The tall Dutchman started the final day of play against Sweden's Martin Jacobson and Norwegian Felix Stephensen with a stack of 89.625 million… an advantage of at least 24 million on his closest opponent, but a series of reversals at the hands of Stephensen thrust him into third position inside the first 2 hours of play.
His bad run resulted in the chip counts changing to:
Martin Jacobson – 97,400,000
Felix Stephensen – 68,100,000
Jorryt van Hoof – 35,000,000
The second day of this all-European final table saw the three survivors again take their seats, cheered on by a boisterous crowd. Some wore illuminated Viking helmets and costumes, others bespoke T-shirts supporting their favourite player and some were holding large national flags.
At that point Van Hoof was well ahead on 89.62 million chips, trailed by Jacobson with 64.75 million, and then Stephensen on 46.1 million. All three contestants are professional poker players, although not one of them has previously achieved WSOP winner-bracelet status.

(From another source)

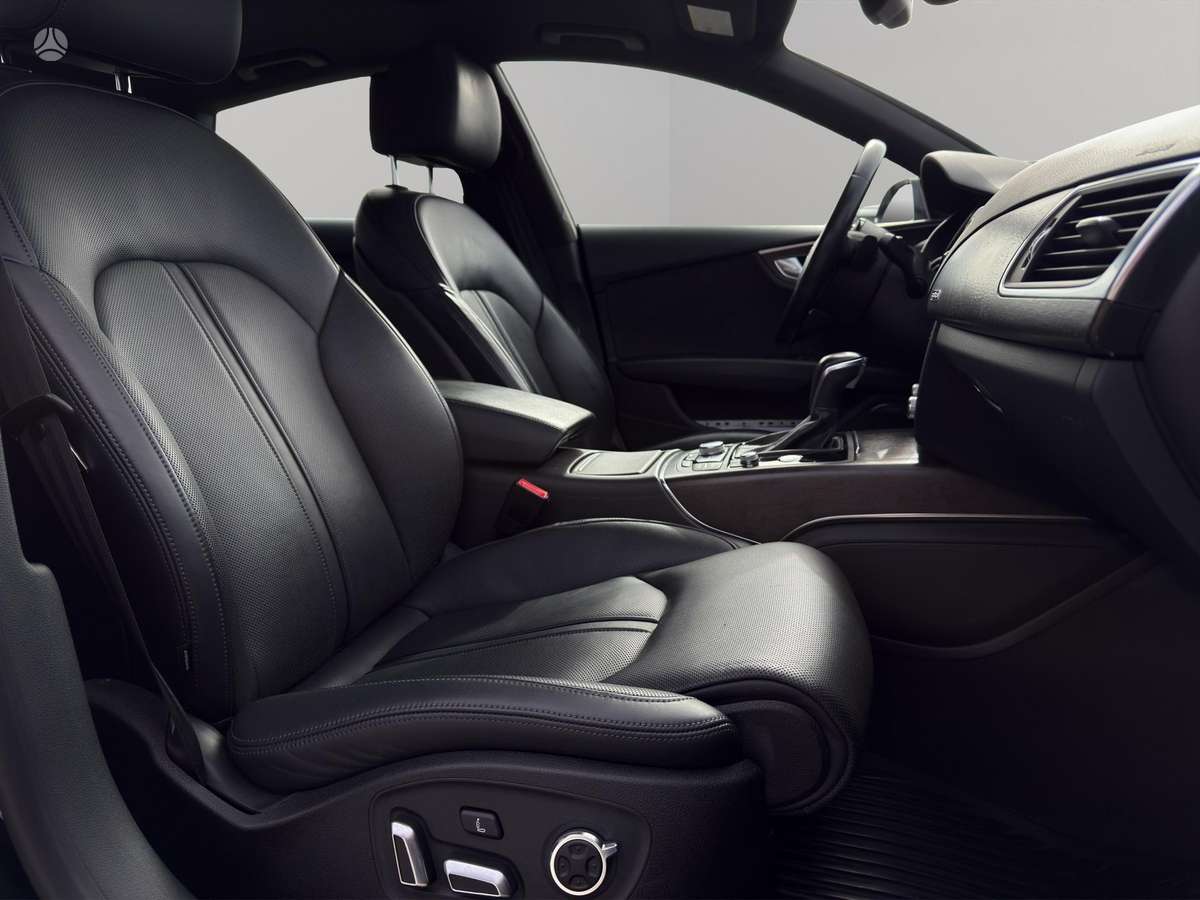 Audi A7, 3.0 l., hatchback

Get a feel for the atmosphere here:
Jorryt Van Hoof is out, eliminated by Martin Jacobson after most of his stack was eroded by Felix Stephensen soon after the last day of final table action started. The big Dutchman claimed the third placing prize of $3,807,753. Van Hoof spent 198 of yesterday's 244 hands in the lead but only lasted 21 hands after he became the short stack.
Martin Jacobson is the winner of this year's World Series of Poker main event, and takes home $10 million and the prestige of a world champion's gold and diamond bracelet.

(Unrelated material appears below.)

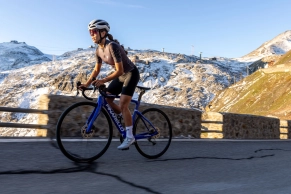 Pinarello F1 2025: the most affordable of the exclusive F series
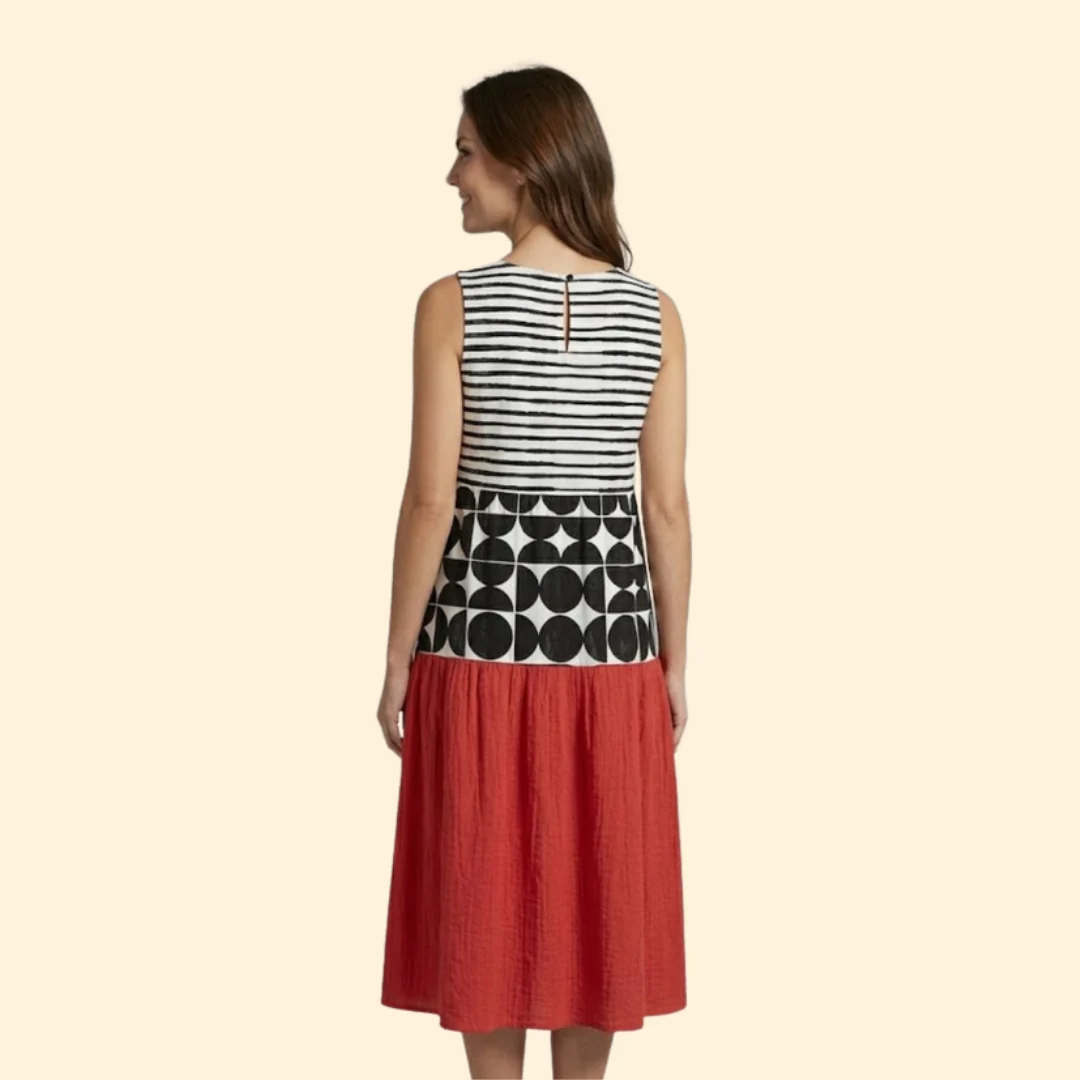 Women’s Sleeveless Dress with Round Neckline - Image 4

At 9.48 pm Vegas-time Tuesday the Swedish pro finally took down his Norwegian heads up opponent Felix Stephensen to the delight of a large band of family and supporters.
It was the culmination of a final table that lasted a total of just 16 hours spread over two days, with Stephensen busting in second place for $5,145,968.
Remarkably for a professional who is already widely respected with high career earnings, it was Jacobson's first major tournament win.